### Assignment:
Output the data below exactly as it is, dropping the pictures from your copy.

----- Recorded information -----

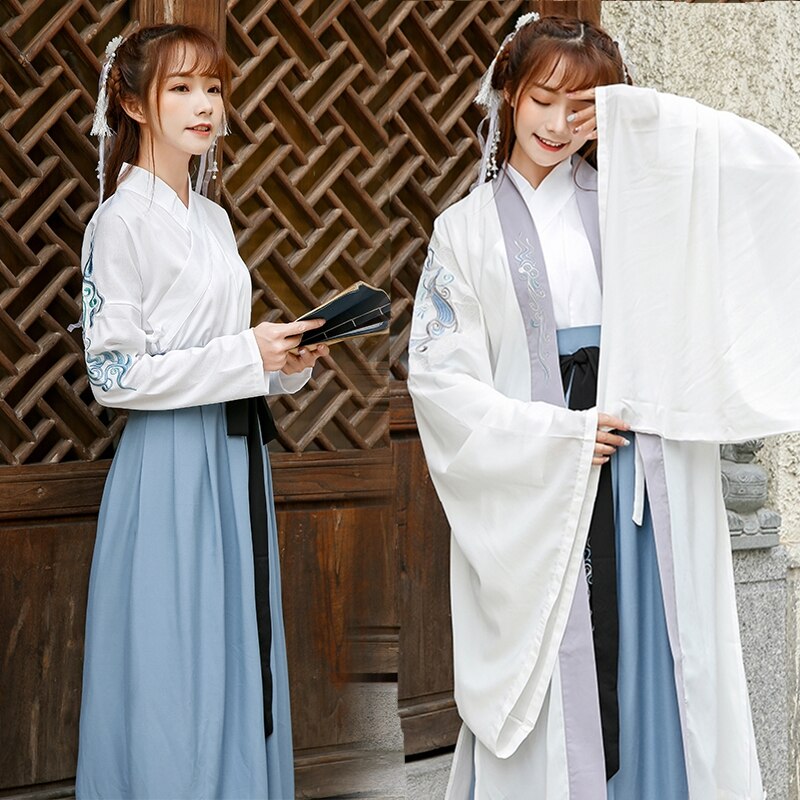 Ancient Hanfu Dress Female Student Costume Embroidery Tang Suit Classical Fairy Princess Outfit Ancient Stage Dress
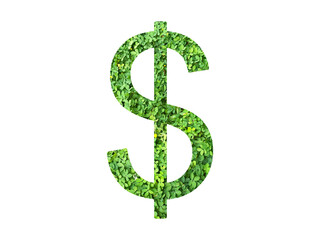 DOLLAR icon made from green grass or leaves isolated on transparent background, go green concept, PNG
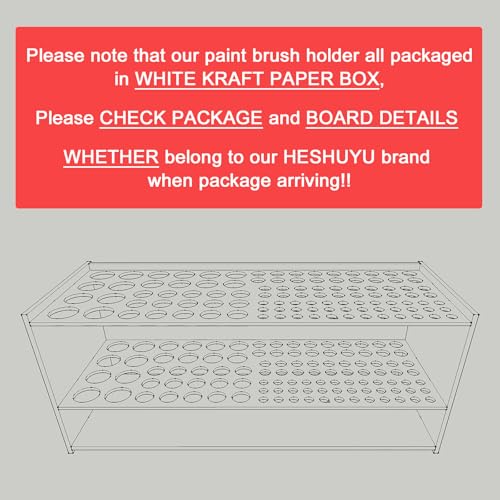 HESHUYU Wooden Paint Brush Holder 105 Holes Paintbrush Holder Organizer Paint Brush Stand Rack with Silicone Rings for Pen...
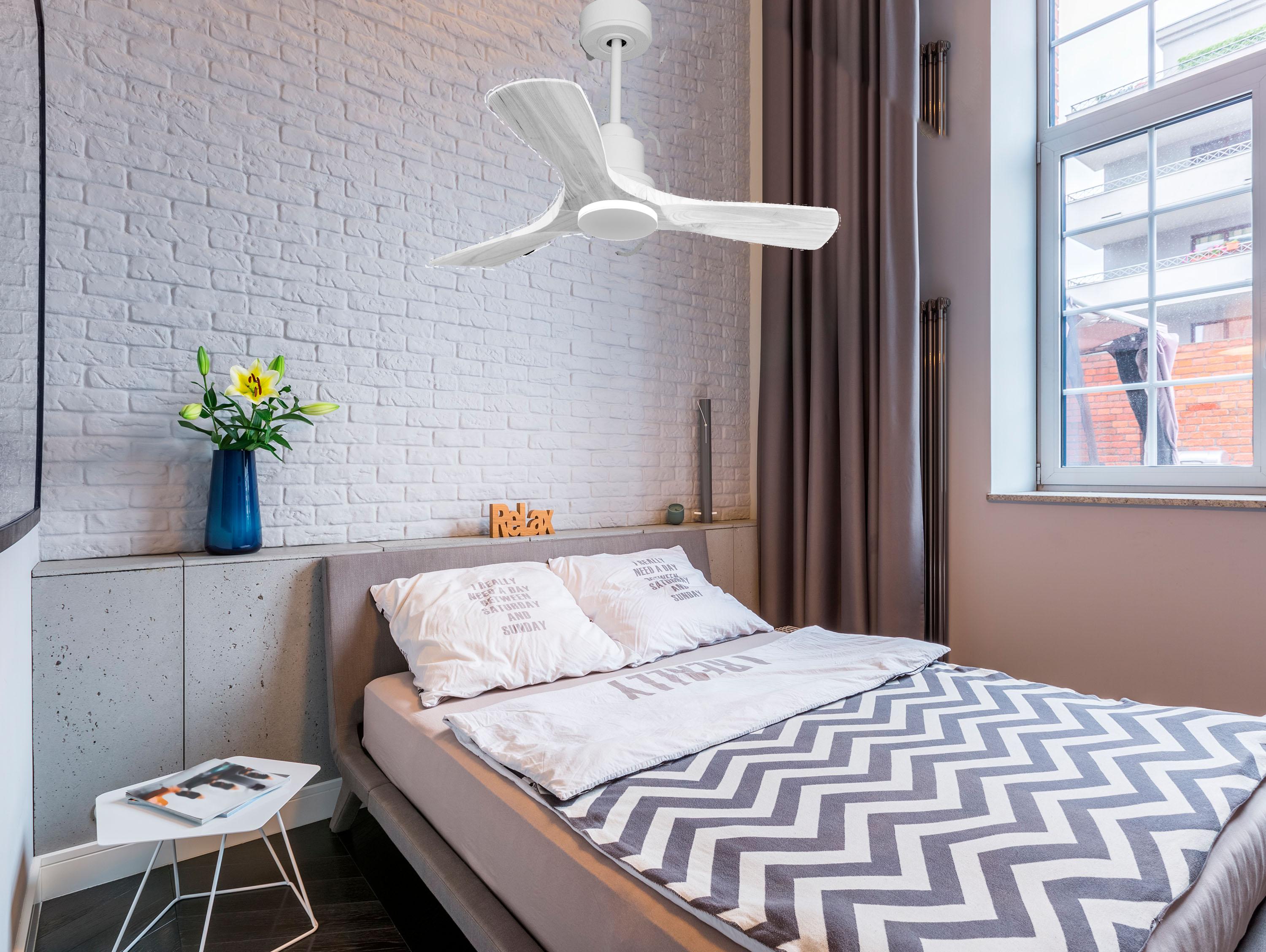 Ventilatore da soffitto Reversibile Termostato Wifi Motore CC Tetti inclinati Telecomando Hypersilence Memoria Shopify Vendible (AUTOMATICO)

-----

### Written response:
 Ancient Hanfu Dress Female Student Costume Embroidery Tang Suit Classical Fairy Princess Outfit Ancient Stage Dress
 DOLLAR icon made from green grass or leaves isolated on transparent background, go green concept, PNG
 HESHUYU Wooden Paint Brush Holder 105 Holes Paintbrush Holder Organizer Paint Brush Stand Rack with Silicone Rings for Pen...
 Ventilatore da soffitto Reversibile Termostato Wifi Motore CC Tetti inclinati Telecomando Hypersilence Memoria Shopify Vendible (AUTOMATICO)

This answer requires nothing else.